**Stored data**.
——————————

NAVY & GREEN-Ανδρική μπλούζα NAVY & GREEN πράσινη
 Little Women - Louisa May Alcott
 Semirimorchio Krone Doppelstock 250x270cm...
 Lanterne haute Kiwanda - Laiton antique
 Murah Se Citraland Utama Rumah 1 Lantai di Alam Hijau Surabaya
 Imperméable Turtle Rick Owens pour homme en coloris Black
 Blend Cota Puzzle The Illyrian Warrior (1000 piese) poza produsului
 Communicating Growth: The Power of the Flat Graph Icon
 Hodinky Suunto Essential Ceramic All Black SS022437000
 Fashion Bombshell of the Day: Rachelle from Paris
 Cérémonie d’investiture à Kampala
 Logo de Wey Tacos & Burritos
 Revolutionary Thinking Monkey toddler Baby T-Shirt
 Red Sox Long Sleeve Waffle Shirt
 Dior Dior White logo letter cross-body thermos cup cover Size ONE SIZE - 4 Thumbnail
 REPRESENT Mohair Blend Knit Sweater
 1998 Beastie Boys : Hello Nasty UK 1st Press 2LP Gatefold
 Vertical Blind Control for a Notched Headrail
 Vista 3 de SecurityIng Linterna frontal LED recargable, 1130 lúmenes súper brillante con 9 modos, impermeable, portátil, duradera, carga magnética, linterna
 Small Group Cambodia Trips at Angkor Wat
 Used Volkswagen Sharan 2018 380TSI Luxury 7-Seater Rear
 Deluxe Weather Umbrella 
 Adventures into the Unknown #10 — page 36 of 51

——————————

With "Black" as the search word, count the matching lines in the records and give the number alone.

**Solution to this problem**. 2